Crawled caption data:
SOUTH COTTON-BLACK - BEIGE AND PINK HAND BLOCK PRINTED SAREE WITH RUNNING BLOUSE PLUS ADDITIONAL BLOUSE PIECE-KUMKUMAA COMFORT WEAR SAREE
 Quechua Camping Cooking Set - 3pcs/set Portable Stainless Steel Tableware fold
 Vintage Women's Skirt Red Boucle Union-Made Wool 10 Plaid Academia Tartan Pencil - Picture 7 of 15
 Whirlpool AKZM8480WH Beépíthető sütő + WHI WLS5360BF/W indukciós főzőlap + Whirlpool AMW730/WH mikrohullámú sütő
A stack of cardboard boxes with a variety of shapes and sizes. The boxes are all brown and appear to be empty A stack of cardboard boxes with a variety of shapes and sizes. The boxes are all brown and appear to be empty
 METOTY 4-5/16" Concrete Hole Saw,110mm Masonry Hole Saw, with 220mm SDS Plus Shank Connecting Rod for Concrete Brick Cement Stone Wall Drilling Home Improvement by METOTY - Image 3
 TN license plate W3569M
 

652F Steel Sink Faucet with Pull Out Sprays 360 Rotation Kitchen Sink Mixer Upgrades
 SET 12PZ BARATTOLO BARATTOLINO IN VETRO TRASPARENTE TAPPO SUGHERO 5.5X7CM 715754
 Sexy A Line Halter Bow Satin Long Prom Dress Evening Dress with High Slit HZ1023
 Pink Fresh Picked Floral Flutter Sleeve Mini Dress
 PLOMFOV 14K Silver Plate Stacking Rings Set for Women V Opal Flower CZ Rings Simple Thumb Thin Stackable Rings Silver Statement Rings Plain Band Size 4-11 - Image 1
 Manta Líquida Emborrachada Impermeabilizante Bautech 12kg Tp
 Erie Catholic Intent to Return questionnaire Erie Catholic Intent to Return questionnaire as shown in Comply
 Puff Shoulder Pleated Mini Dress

◆ What you need to do ◆
Of the lines above, output exactly those from the line bearing "Whirlpool AKZM8480WH Beépíthető" through the line bearing "Manta Líquida Emborrachada", inclusive.

◆ Response area ◆
 Whirlpool AKZM8480WH Beépíthető sütő + WHI WLS5360BF/W indukciós főzőlap + Whirlpool AMW730/WH mikrohullámú sütő
A stack of cardboard boxes with a variety of shapes and sizes. The boxes are all brown and appear to be empty A stack of cardboard boxes with a variety of shapes and sizes. The boxes are all brown and appear to be empty
 METOTY 4-5/16" Concrete Hole Saw,110mm Masonry Hole Saw, with 220mm SDS Plus Shank Connecting Rod for Concrete Brick Cement Stone Wall Drilling Home Improvement by METOTY - Image 3
 TN license plate W3569M
 

652F Steel Sink Faucet with Pull Out Sprays 360 Rotation Kitchen Sink Mixer Upgrades
 SET 12PZ BARATTOLO BARATTOLINO IN VETRO TRASPARENTE TAPPO SUGHERO 5.5X7CM 715754
 Sexy A Line Halter Bow Satin Long Prom Dress Evening Dress with High Slit HZ1023
 Pink Fresh Picked Floral Flutter Sleeve Mini Dress
 PLOMFOV 14K Silver Plate Stacking Rings Set for Women V Opal Flower CZ Rings Simple Thumb Thin Stackable Rings Silver Statement Rings Plain Band Size 4-11 - Image 1
 Manta Líquida Emborrachada Impermeabilizante Bautech 12kg Tp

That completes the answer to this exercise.